● Task objective:
No pictures should appear. The lines from the beginning of the listing through the one holding "Perch Fish Mount" must be reproduced exactly, and nothing more.

● Source material:
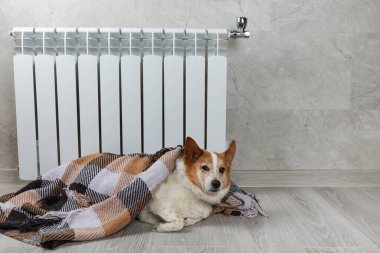 Battaniyeye sarılı bir corgi köpeği kendini sıcak bir radyatörün yanında ısıtır. Kış mevsiminde artan gaz ve elektrik masrafları, köpek odada donması, ısıtma kaloriferinin yanında battaniye altında ısınma.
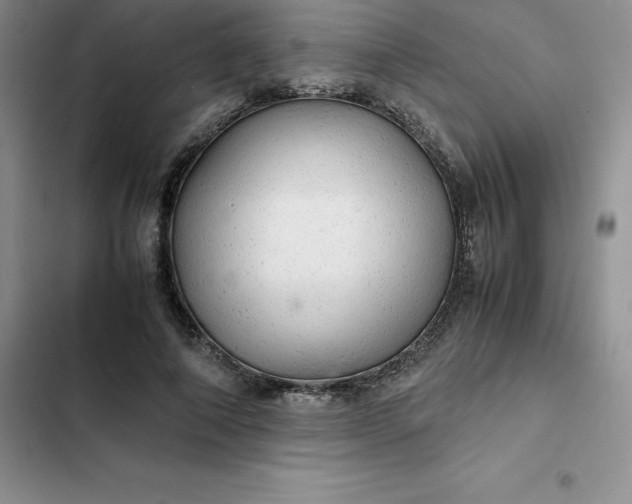 X0000102520690200808221842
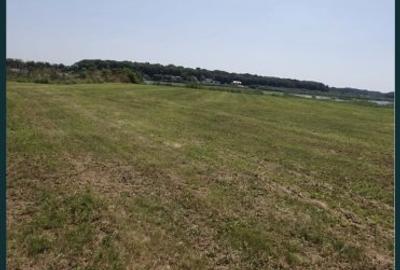 Teren Superb situat pe malul lacului Snagov Silistea langa palatul Ginga - 7
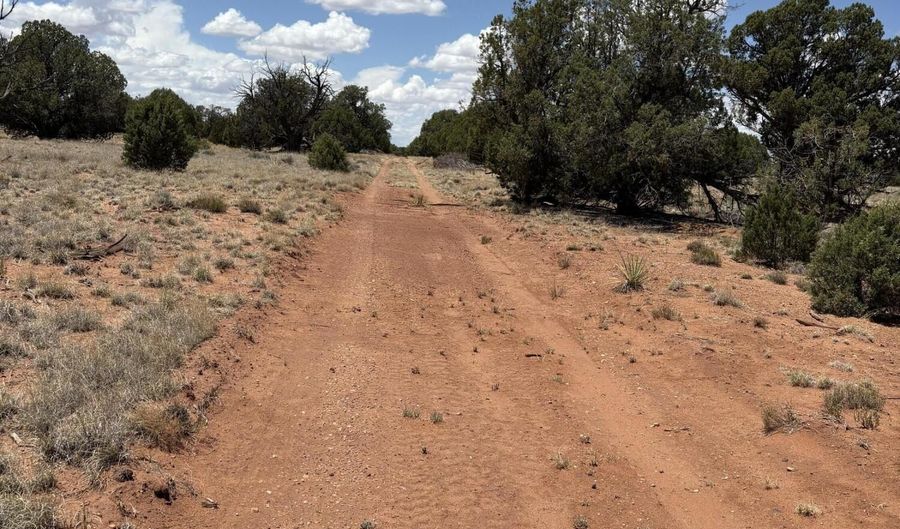 104 N 5532, Concho, AZ 85924 - 0 Beds, 0 Bath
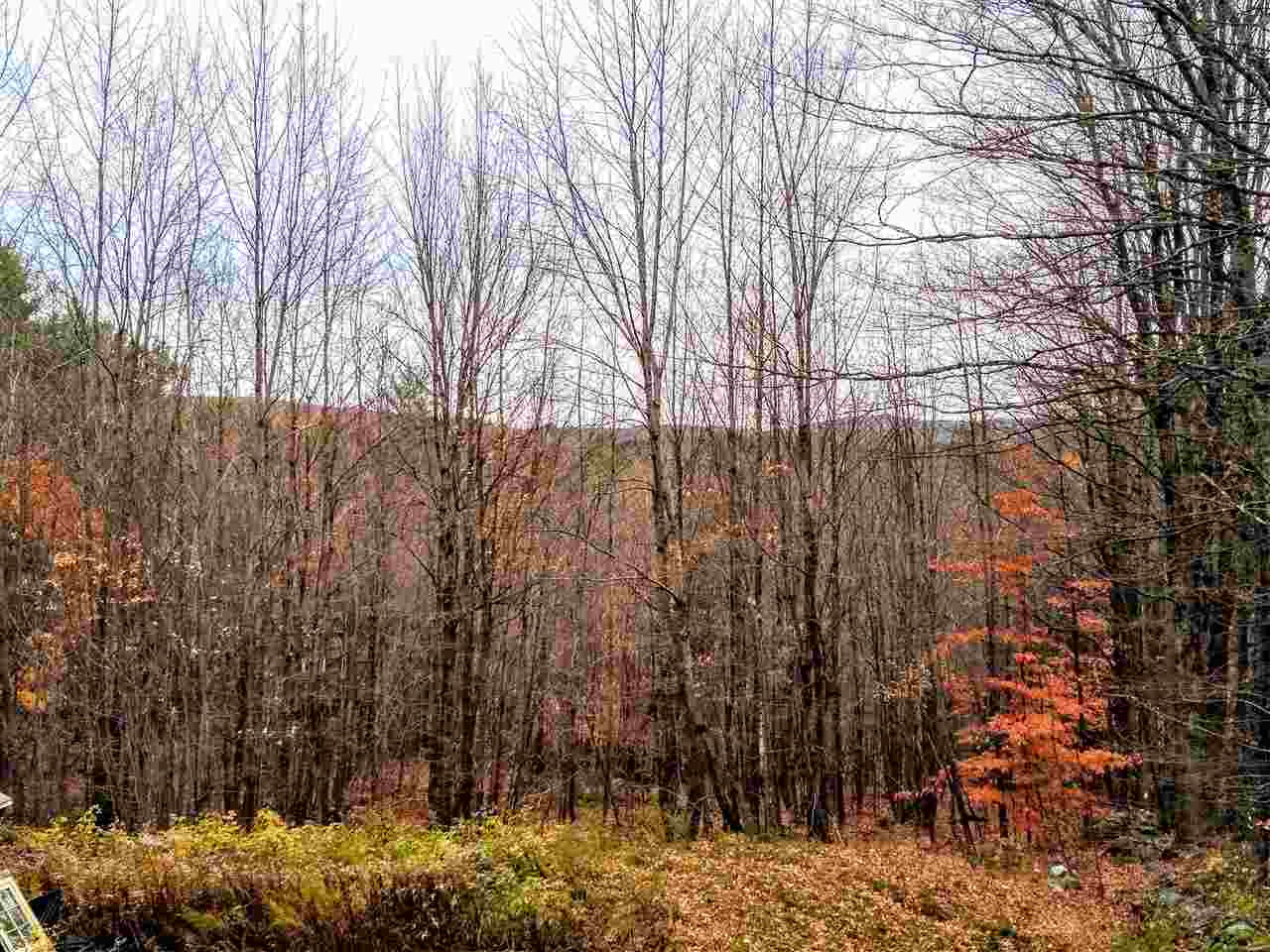 190 Sand Pond Road Marlow, NH 03456 - Photo 22 of 23 Gallery Image 22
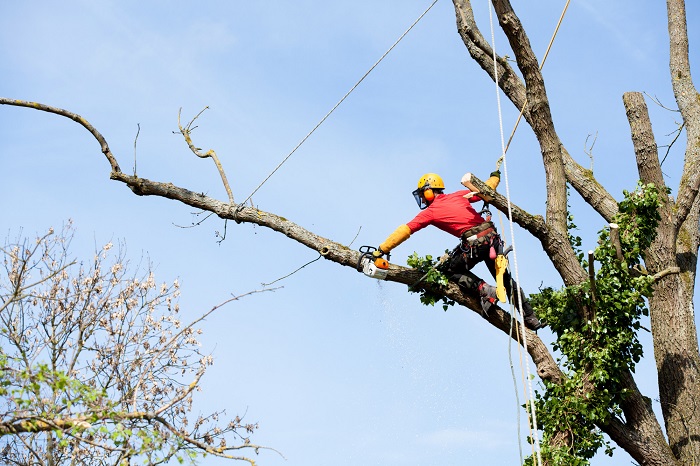 Tree Trimming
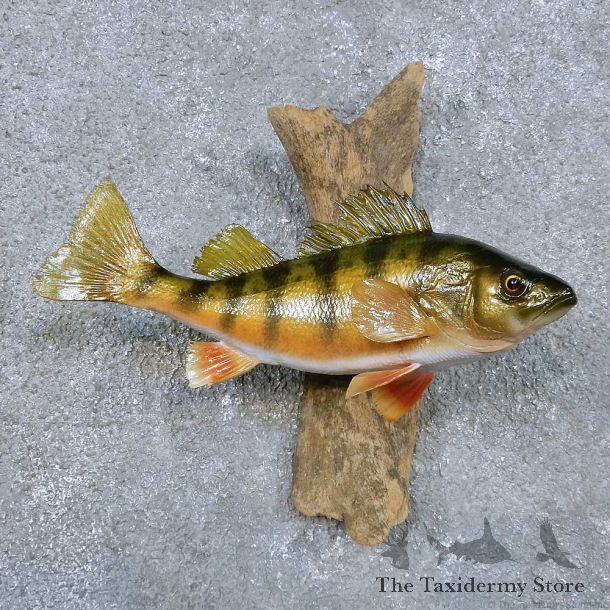 Perch Fish Mount For Sale #14343 @ The Taxidermy Store
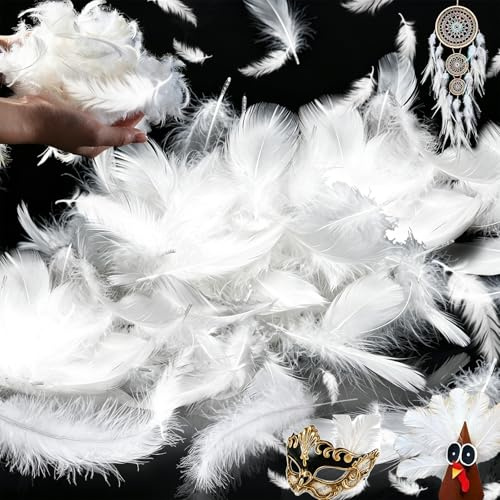 SUpoetry 200 Stück Federn zum Basteln Weiß Federn, Natürliche Feder Weich Federn, DIY Weiß Federn Bastelfedern Dekorationen für Traumfänger Basteln Hochzeit Party Deko Baum Ornament Handwerk Schmuck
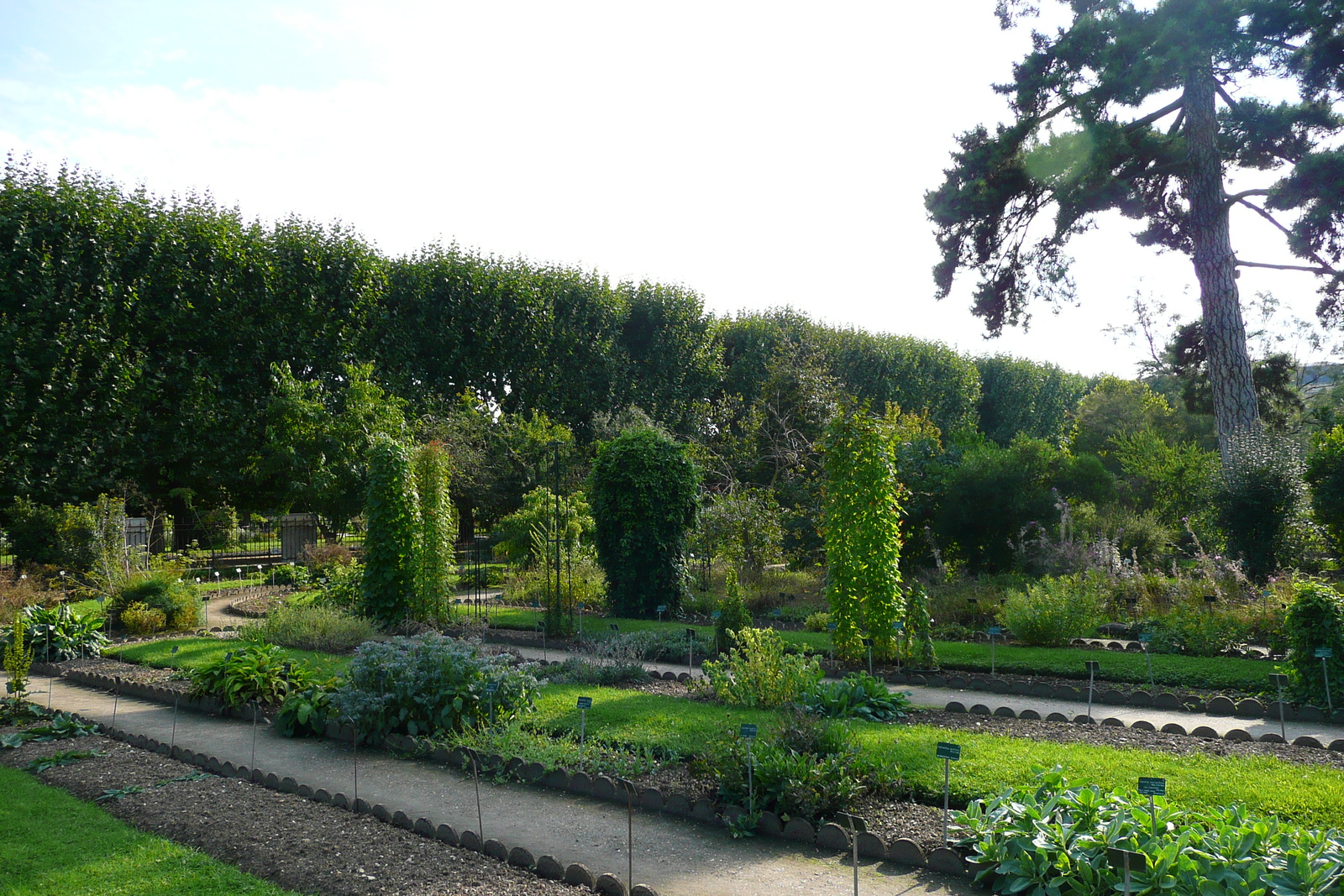 รูปถ่าย ฝรั่งเศส(France) ปารีส(Paris) สวนพันธ์ุพืช(Jardin des Plantes) 2007-08 83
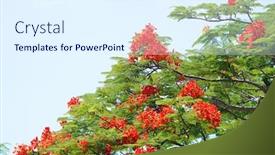  Presentation with peacock - Audience pleasing presentation theme consisting of peacock-flowers-on-tree backdrop and a sky blue colored foreground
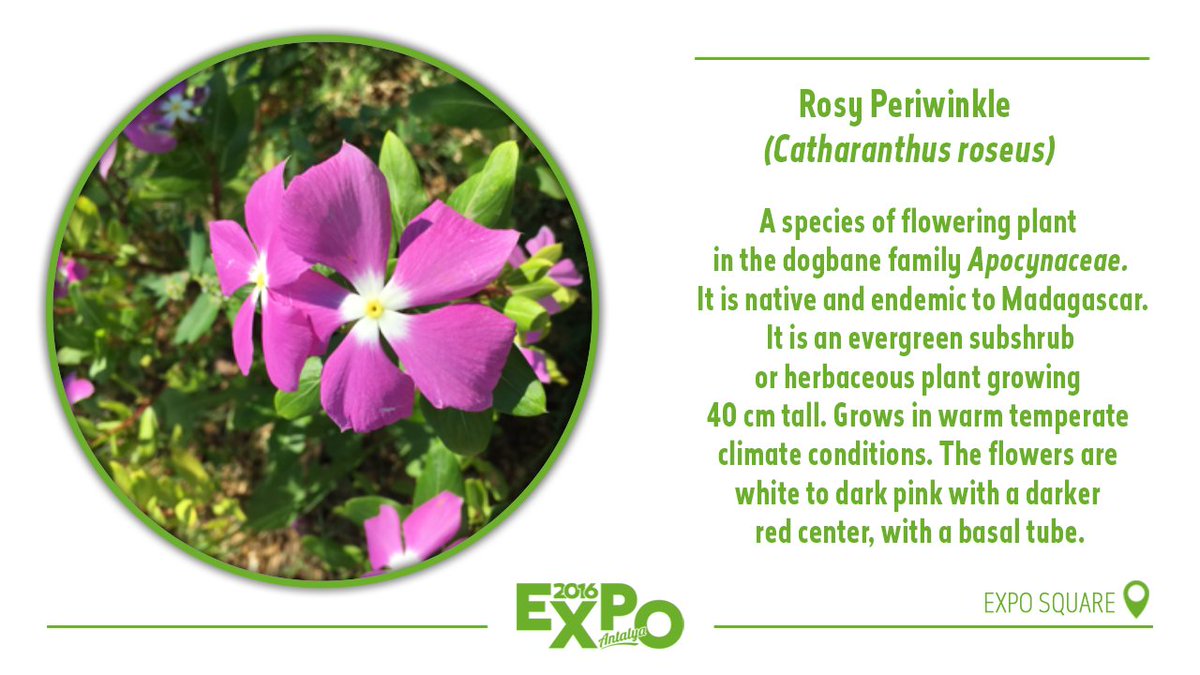 expo2016antalya's tweet image. Endemic to Madagascar, Rosy Periwinkle at EXPO.

#EXPO2016Antalya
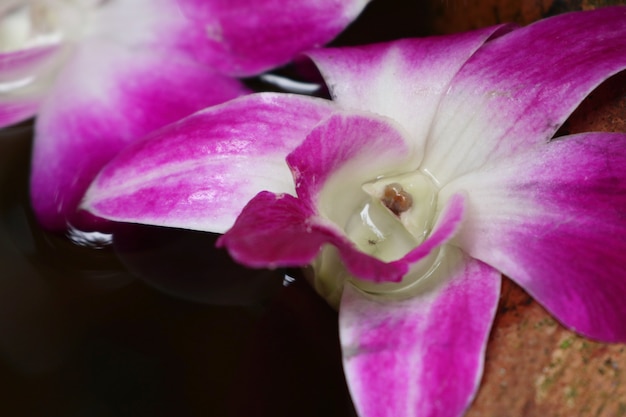 Orchidées fleurissent dans un pot d'eau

● Exercise response:
 Battaniyeye sarılı bir corgi köpeği kendini sıcak bir radyatörün yanında ısıtır. Kış mevsiminde artan gaz ve elektrik masrafları, köpek odada donması, ısıtma kaloriferinin yanında battaniye altında ısınma.
 X0000102520690200808221842
 Teren Superb situat pe malul lacului Snagov Silistea langa palatul Ginga - 7
 104 N 5532, Concho, AZ 85924 - 0 Beds, 0 Bath
 190 Sand Pond Road Marlow, NH 03456 - Photo 22 of 23 Gallery Image 22
 Tree Trimming
 Perch Fish Mount For Sale #14343 @ The Taxidermy Store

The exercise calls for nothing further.